Un dédale administratif inextricable

Le travail demandé au maire est immense, les démarches administratives sont parfois ubuesques, les procédures longues et complexes.

"Un maire devrait avoir un CAP de demandes de subventions !" déplore un maire du Calésis.

Certains obstacles sont insurmontables pour l'homme ou la femme qui en revêt seul la responsabilité. D'autant que le dédale des contraintes administratives devient de plus en plus inextricable puisqu'elles viennent du département, de la Région, de l'Etat et de l'Europe.

"Ceci n'est pas un mythe, c'est notre réalité au quotidien " insiste le maire de La Membrolle-sur-Longuenée (2.000 hab) qui jette l'éponge après quatre mandats dont trois de maire et qui a du faire face à une situation inédite : il y a encore quelques semaines, personne n'avait fait acte de candidature pour l'élection municipale !

Les maires affrontent de véritables parcours du combattant pour la moindre des actions de la municipalité : permis de construire, création d'entreprises, organisation d'évènements, mise en place des rythmes scolaires, un casse-tête financier et d'organisation.
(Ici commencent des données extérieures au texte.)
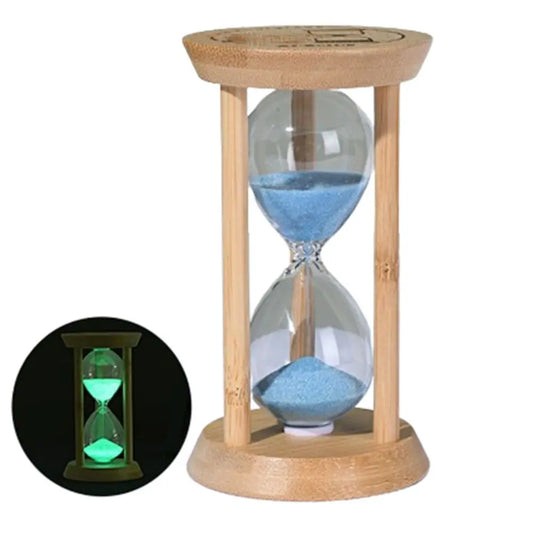 Bambus Leuchtende Sanduhr – Kreativer Fluoreszierender Glas Timer mit Naturrahmen Kaufschwan®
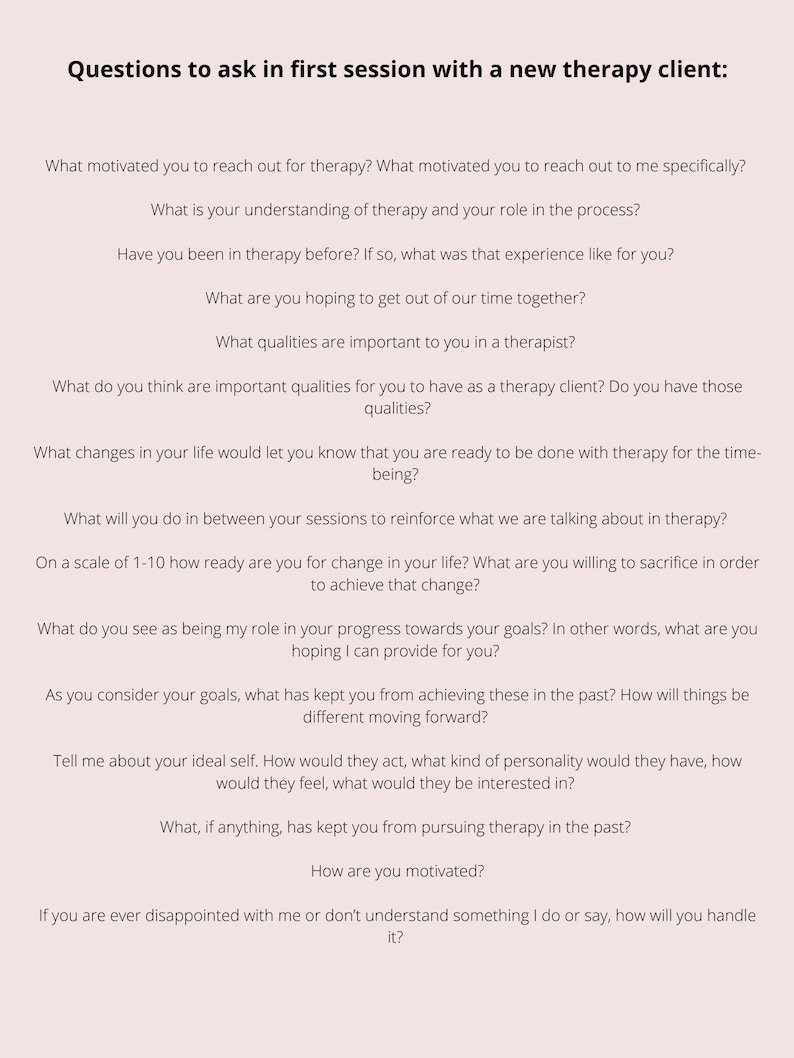 Therapy Questions for First Session - Etsy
Trop d'attente, de délais, d'interlocuteurs… Trop de changement de législation, trop de flou quant aux recettes fiscales… Si bien que certains sont tentés d'abandonner.

Sans compter que le maire est devenu, au fil du temps et de la disparition des autres figures symboliques de l'autorité, le curé, l'instituteur et le médecin, le premier des assistantes sociales. Aide juridique, demande de logements et d'emplois, appui pour un divorce…Autant de domaines sur lesquels malgré tout il n'a pas la main bien qu'il contribue à la cohésion sociale de son territoire !

Quelques pistes pour lutter contre le désarroi des maires

Si je devais lancer quelques pistes pour enrayer le mouvement, j'en retiendrai trois :

  • Pour simplifier la vie des maires, mettre en place l'instruction unique : un seul interlocuteur de la "porte d'entrée" à la décision (comme le préconise le rapport sénatorial de la mission commune sur l'avenir de l'organisation décentralisée de la République) ;
  • Pour créer des vocations, aménager enfin vraiment le statut de l'élu : si un certain nombre de garanties ont été mises en place depuis 20 ans, il reste encore beaucoup à faire pour faciliter l'exercice du mandat (droits d'absence…) et en fin de mandat (remise à niveau, formation professionnelle…) ;
  • Pour rapprocher les citoyens de leur maire, faire en sorte qu'ils s'engagent davantage et s'approprient les enjeux de leur commune pour devenir "coproducteurs" de leur futur.

Etre maire, c'est d'abord un réel contrat de confiance qui se construit autour des valeurs de la République.